In essence, this applies to our spiritual growth. Christians who are really growing in the grace and knowledge of Jesus Christ—being sanctified—begin to become distressed the more they learn and experience. They see their flesh lusting against the Spirit. They are being pulled in each direction. Many years before, they would not have even been aware of what was happening inside them. But they are beginning to become trained in the holiness of God, and it distresses them that they fall so far short.

John W. Ritenbaugh
The Covenants, Grace, and Law (Part Nine)

Revelation 3:17

Christ rebukes His church of Laodicea because its perception of reality—particularly about themselves—bears no resemblance to His own.

This spiritual blindness resembles the false expectations held by the people of Christ's time, with a notable exception: The members of His church have access to His Spirit—His mind, His heart, His perspective—and so should be free from much of the blindness that obstructs carnal man. They have the means to see more clearly. A more accurate lens is available to Christians, which is why He says, "[A]noint your eyes with eye salve, that you may see" (Revelation 3:18). Once God's Spirit has been given, the onus is on the individual to improve his own sight.

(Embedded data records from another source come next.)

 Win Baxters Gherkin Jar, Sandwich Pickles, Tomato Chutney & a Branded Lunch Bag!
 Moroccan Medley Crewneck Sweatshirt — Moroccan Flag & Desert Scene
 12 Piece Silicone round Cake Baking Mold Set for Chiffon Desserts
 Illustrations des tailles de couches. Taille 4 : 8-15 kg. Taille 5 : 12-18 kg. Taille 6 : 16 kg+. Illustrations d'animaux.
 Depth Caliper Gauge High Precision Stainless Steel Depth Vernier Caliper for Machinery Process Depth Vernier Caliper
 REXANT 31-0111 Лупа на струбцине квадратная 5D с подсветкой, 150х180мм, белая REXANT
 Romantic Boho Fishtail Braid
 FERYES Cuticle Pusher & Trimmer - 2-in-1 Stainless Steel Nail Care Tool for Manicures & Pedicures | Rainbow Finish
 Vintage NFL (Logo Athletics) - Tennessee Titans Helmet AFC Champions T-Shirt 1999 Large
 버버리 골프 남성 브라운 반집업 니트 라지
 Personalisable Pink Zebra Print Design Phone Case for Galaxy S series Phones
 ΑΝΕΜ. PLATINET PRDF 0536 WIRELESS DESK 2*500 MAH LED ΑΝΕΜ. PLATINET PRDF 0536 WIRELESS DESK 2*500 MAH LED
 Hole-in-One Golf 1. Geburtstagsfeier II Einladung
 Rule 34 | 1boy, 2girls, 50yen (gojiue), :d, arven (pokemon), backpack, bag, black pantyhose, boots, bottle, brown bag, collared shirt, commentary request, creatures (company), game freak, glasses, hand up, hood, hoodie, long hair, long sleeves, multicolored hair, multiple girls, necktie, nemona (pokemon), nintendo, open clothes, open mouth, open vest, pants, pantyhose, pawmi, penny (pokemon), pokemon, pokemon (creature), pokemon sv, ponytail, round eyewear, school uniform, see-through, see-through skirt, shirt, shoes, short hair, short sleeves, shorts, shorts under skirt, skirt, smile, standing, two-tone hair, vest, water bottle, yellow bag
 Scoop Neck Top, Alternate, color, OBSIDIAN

Today's church member may demonstrate this blindness in ways similar to the blind of Christ's time. It may come in the form of an unshakable belief that he alone has the whole counsel of God or is the primary focus of God's attention. It may show itself in a steady stream of criticism of the brethren—criticism that encompasses all but the self. It may manifest itself in a self-centeredness that assumes the spiritual high ground, believing that the rest of the church needs to rise to its level. All of these distortions spring from not seeing the self clearly—a result of not seeing God clearly.

The Bible gives two related principles regarding spiritual vision, particularly about being able to see God—and as we see God more clearly, our perception of all other spiritual matters will improve. First, Jesus tells us that the pure in heart—those without guile, pride, hypocrisy, envy, jealousy, competition, hidden anger, double-mindedness, or any other defilement of inward sin—will see God (Matthew 5:8). In the same vein, Hebrews 12:14 says that without holiness—God's consecration of us combined with our submission to His requirements for moral purity—one will not see God. Our spiritual vision will only be as good as our purity of mind and conduct. Any defilement will affect our spiritual sight, making it a never-ending challenge to see things as God sees them.

It is far easier to compile and rehearse the failings of others than it is to overcome in areas where we fall short of God's holiness. Seeing through the lens of unquestioned, untested, or unreliable expectations—about God, about prophecy, about our standing before Him, or the like—leaves us little better than those who failed to recognize their Creator when He came to them. Yet, applying ourselves to this purifying process will begin to allow us to see things from a perspective that approaches God's own.